The first phase of the war was over, and Austria was plainly the victor. It was not only that she was back in undisputed control of Venetia–Lombardy. Naples had made a separate peace; Rome had capitulated; France, in the person of her Foreign Secretary, the poet Alphonse de Lamartine, had published a republican Manifesto which had made encouraging noises but had offered no active or material help. Less than five months after the proclamation of the new Venetian Republic, the forces of the counter-revolution were triumphant across mainland Italy.

Venice was not sorry to say goodbye to the Piedmontese, but once again she stood alone. Her only hope was Manin, who now cast aside his private’s uniform and on 13 August was invited by the Assembly to assume dictatorial powers. He declined, on the grounds that he knew nothing of military matters, but he was eventually persuaded to accept the leadership of a triumvirate. Such was his reputation that his two colleagues allowed themselves to fade into the background: Manin was in fact a dictator in all but name. It was under his sole guidance that the Venetian Republic was to fight on throughout the following winter, courageously but with increasing desperation.
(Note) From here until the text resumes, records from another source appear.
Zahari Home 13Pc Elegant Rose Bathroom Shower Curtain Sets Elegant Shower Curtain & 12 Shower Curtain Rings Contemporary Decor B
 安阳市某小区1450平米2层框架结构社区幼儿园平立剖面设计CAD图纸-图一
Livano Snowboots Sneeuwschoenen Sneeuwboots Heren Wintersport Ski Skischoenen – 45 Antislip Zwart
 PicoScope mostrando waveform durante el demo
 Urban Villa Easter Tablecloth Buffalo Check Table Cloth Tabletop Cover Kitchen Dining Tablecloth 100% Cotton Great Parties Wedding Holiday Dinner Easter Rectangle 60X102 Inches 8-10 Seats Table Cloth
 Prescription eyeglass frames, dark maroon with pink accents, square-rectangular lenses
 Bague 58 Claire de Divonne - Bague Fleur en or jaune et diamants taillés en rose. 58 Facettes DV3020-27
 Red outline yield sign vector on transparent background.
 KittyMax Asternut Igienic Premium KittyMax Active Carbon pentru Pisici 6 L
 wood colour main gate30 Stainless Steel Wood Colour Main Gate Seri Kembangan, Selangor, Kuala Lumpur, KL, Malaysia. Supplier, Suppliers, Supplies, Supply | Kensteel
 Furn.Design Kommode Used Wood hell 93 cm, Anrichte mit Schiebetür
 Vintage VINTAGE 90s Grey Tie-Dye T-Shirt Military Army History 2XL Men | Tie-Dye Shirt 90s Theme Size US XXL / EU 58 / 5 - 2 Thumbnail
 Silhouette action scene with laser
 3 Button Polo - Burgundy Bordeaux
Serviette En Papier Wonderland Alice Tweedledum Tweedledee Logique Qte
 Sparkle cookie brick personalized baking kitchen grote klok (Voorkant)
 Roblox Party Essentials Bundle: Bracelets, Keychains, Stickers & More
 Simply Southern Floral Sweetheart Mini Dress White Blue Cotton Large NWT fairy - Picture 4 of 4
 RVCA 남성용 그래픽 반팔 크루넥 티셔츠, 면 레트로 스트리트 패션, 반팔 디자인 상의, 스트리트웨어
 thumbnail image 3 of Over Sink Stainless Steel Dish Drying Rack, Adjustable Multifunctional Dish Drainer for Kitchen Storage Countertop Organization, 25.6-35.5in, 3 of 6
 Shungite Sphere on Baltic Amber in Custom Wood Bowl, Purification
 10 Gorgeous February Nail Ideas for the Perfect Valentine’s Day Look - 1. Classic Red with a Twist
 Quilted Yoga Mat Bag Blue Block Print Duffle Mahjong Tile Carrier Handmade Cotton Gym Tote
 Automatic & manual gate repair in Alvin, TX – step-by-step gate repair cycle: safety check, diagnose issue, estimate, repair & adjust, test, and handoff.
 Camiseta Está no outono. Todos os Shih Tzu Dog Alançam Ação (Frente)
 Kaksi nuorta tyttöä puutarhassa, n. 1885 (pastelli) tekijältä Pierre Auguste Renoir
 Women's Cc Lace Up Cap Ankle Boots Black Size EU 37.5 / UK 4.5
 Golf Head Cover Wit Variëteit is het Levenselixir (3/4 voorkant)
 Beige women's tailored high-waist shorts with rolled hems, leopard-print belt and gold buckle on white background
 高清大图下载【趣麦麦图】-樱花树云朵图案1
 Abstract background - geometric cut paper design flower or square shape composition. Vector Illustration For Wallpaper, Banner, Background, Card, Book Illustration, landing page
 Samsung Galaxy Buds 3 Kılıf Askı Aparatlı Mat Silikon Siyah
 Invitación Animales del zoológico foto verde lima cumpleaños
For all the states of Italy, the quarantotto had been a momentous year. Strategically, the situation had changed remarkably little; in most places Austria remained master. Politically, on the other hand, there had been a dramatic shift in popular opinion. When the year began, most patriotic Italians were thinking in terms of getting rid of the Austrian forces of occupation; when it ended, the overriding objective–everywhere except in Venice–was a united Italy. Change was in the air. At last, it seemed, the Italians were on the verge of realising their long-cherished dream. The Risorgimento had begun.